Por: Roberto Castelán Rueda (@CastelanRob)
“Yo no soy un chapulín”, dijo Kumamoto mientras tensionaba sus patitas traseras para intentar alcanzar la ramita del Senado desde la vieja rama del Congreso en la que estaba sentado.
“Déjenlo en paz, no lo molesten, el no es como los otros, el es “Grillo” el escudero, flaco y tierno como lo ven, el va a construir un gran reino”, dijeron los esperanzados, hartos de ser explotados, cansados de ver Netflix en sus sillones echados.
“¿Verdad que sí, verdad que no somos iguales?” tronó una voz desde lejos. Era un grillo macho alfa, montado en su grillo caballo a quien llamaban “el Bronco” por su fina educación y sus muy buenos modales. “Nosotros traeremos bienestar y paz a sus jodidas vidas, les cobraremos una pequeña comisión por ello, como los ogros que viven en sus cuevas partidistas, no los vayan a extrañar, mejor vénganse pa acá, que lo mismo no es igual”.

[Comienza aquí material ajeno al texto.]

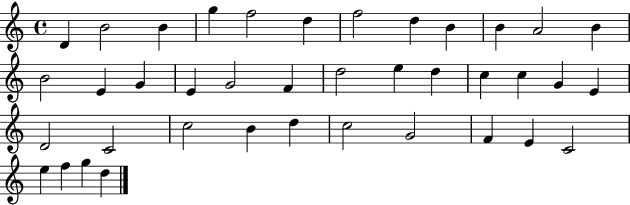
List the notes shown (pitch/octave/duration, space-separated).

D4/q B4/h B4/q G5/q F5/h D5/q F5/h D5/q B4/q B4/q A4/h B4/q B4/h E4/q G4/q E4/q G4/h F4/q D5/h E5/q D5/q C5/q C5/q G4/q E4/q D4/h C4/h C5/h B4/q D5/q C5/h G4/h F4/q E4/q C4/h E5/q F5/q G5/q D5/q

“Ejem, ejem, háganse a un lado cabrones, escuché la conversación y eso a mi no me conviene. ¿Cómo una comisión por nuestros finos servicios? Estamos para servirles, vamos a cambiar la historia ... y a rematar vuestros bienes. ¿Tienen terrenos, edificios, construyen pisos más altos? Todo se vende señores, es política, no amores”.
El que así hablaba era un chapulín pelón quien venía de pelearse con su sombra. Todavía traía cerrados los puñitos de sus patitas delanteras, el ceño fruncido y la nariz hinchada por los resoplidos.

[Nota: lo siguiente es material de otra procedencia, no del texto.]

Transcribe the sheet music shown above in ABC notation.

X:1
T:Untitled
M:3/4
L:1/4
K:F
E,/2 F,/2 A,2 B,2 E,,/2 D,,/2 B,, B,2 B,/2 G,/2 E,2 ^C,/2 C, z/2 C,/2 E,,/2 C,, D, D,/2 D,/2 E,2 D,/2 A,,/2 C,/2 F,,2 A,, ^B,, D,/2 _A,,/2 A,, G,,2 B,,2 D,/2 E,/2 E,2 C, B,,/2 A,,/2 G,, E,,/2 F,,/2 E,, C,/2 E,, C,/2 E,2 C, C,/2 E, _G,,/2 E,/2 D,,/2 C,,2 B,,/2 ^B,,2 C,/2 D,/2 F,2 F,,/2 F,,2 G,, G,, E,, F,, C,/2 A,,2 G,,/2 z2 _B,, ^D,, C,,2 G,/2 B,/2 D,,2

“Oye dijeron los otros dos a coro, tú no nos representas, tú no eres independiente ya hasta te hiciste de un Frente tan amplio como tu... ¿frente? ¿Dientes? ¿Vientre? ...”
“Soy chapulín e independiente y si vienen a golpearme aquí estoy, a ver quién es el valiente”.

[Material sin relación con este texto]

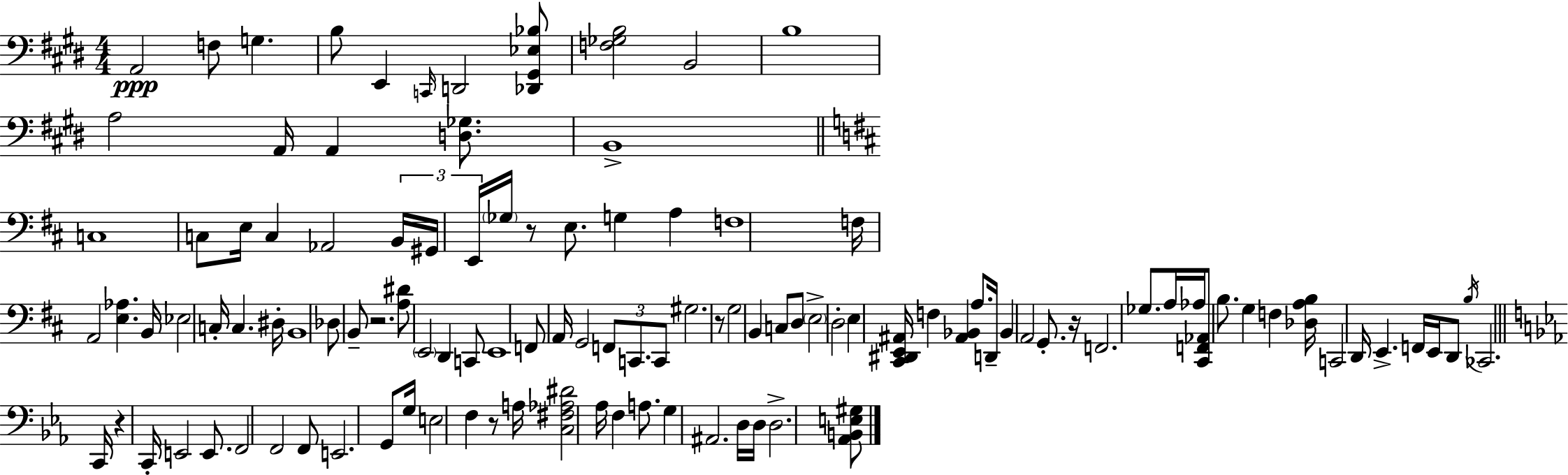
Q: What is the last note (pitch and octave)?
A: D3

Así transcurrieron los días en aquel tranquilo reino a donde nunca llegó el rumor de la discordia. Sus habitantes, pacientes y acostumbrados a ver cómo los chapulines, los independientes, los ogros y los demás arrimados, se comían sus cosechas, malbarataban sus bienes, y escenificaban escenas. Al final siempre era lo mismo, el botín se repartía en civilizados acuerdos, todos contentos y colorín colorado.
“Momento aprendiz de fabulista farsante. Esto no puede acabar así, las fábulas, desde Esopo, siempre terminan con una moraleja, una enseñanza de vida, algo que ilustre a la gente...a la gente... ¿vieja?”.
Moraleja: nunca digas “de esta rama no voy a brincar, porque yo soy diferente, pues corres el riesgo de quedarte sin mamar y en política nada es más urgente”.